* _Your objective_
Pictures aside, copy exactly each line from the one that holds "This is an instructional" through the last line of the records below.

* _Data supplied_
# # # # # # #

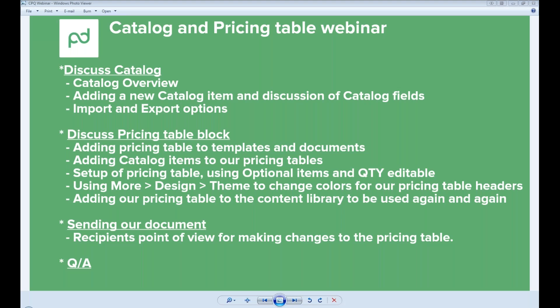Good afternoon everyone and thank you so much for attending our webinar today. Today is April 11th, 2017 and this is the PandaDoc 102 Catalog and Pricing Tables webinar. My name is James and I'm the Tech Manager here at PandaDoc.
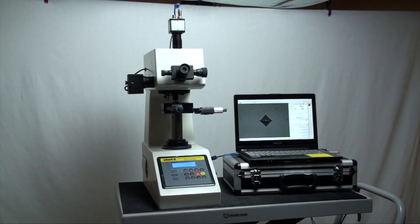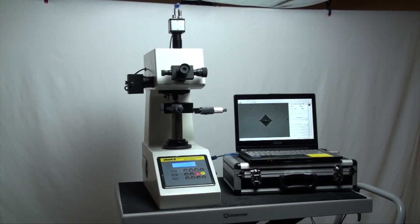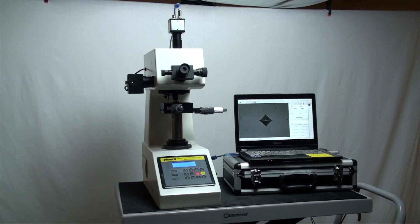This is an instructional video detailing the applications and functions of the Phase II Digital Micro Vickers Hardness Tester with Manual Turret.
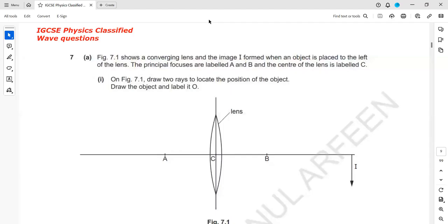The question is related to the waves topic, block three. Figure 7.1 shows a converging lens and the image is shown here as I. When an object is placed to the left of the lens, the principal focuses are labeled as A and B. On the figure, draw two rays to locate the position of the object and draw the object as O.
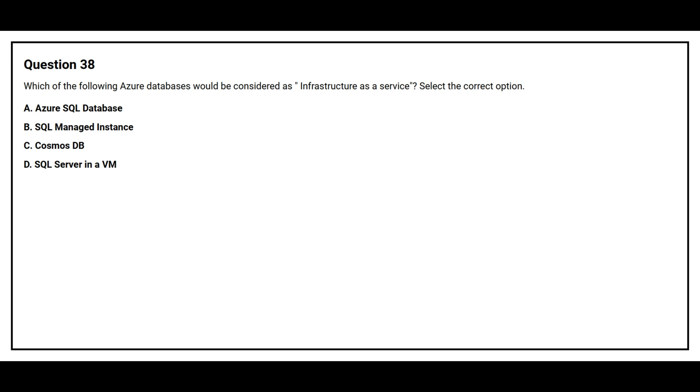Question number 38. Which of the following Azure databases would be considered as infrastructure as a service? Select the correct option. Option A: Azure SQL Database. Option B: SQL Managed Instance. Option C: Cosmos DB.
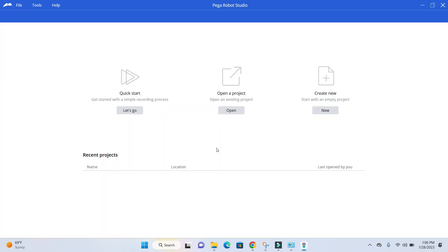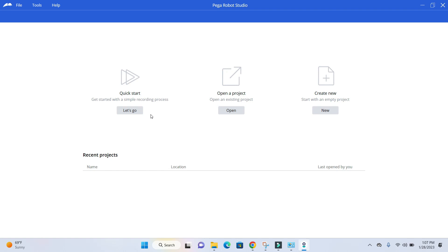Once you double-click, you'll see this screen with three different options. The first is Quick Start, which will automatically guide you on how to start automating different applications. It includes recording and auto-recording functionalities, providing a guided flow.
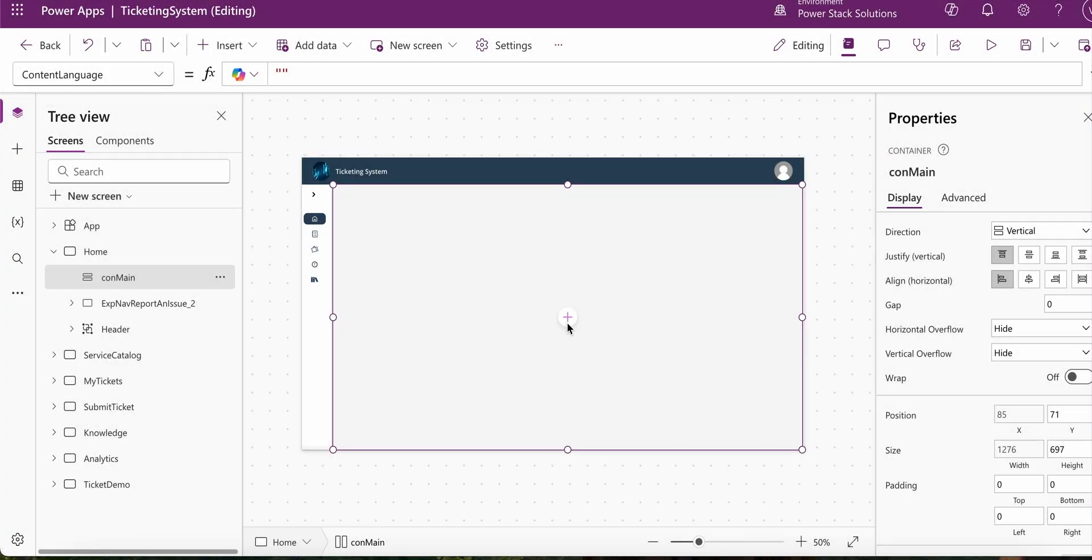Hi everybody, in this video we're going to go over how we add a data table control within a container in PowerApps.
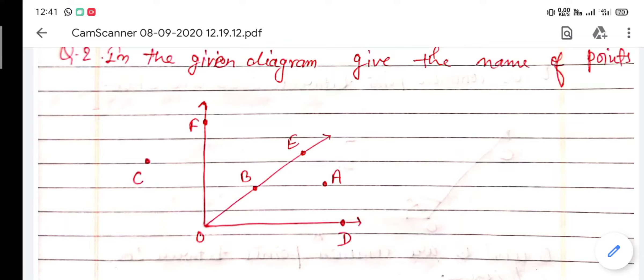Point A lies inside the angle, so it is known as an interior point — that is, point A lies in the interior of the angle.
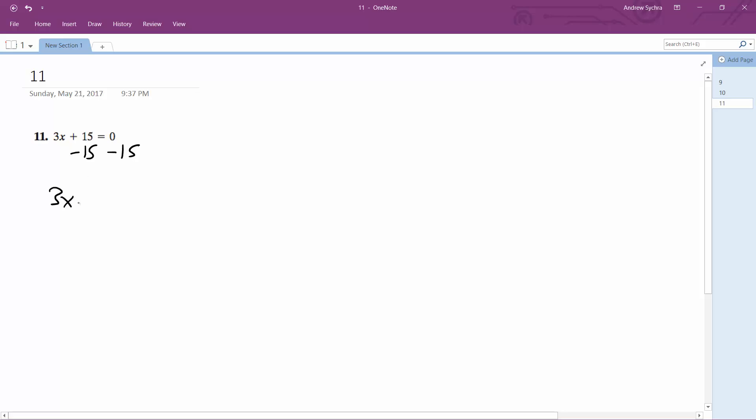So we get 3x equals negative 15. Then we divide through by 3, and we get x equals negative 5.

# # # # # # #

* _Answer box_
This is an instructional video detailing the applications and functions of the Phase II Digital Micro Vickers Hardness Tester with Manual Turret.
The question is related to the waves topic, block three. Figure 7.1 shows a converging lens and the image is shown here as I. When an object is placed to the left of the lens, the principal focuses are labeled as A and B. On the figure, draw two rays to locate the position of the object and draw the object as O.
Question number 38. Which of the following Azure databases would be considered as infrastructure as a service? Select the correct option. Option A: Azure SQL Database. Option B: SQL Managed Instance. Option C: Cosmos DB.
Once you double-click, you'll see this screen with three different options. The first is Quick Start, which will automatically guide you on how to start automating different applications. It includes recording and auto-recording functionalities, providing a guided flow.
Hi everybody, in this video we're going to go over how we add a data table control within a container in PowerApps.
Point A lies inside the angle, so it is known as an interior point — that is, point A lies in the interior of the angle.
So we get 3x equals negative 15. Then we divide through by 3, and we get x equals negative 5.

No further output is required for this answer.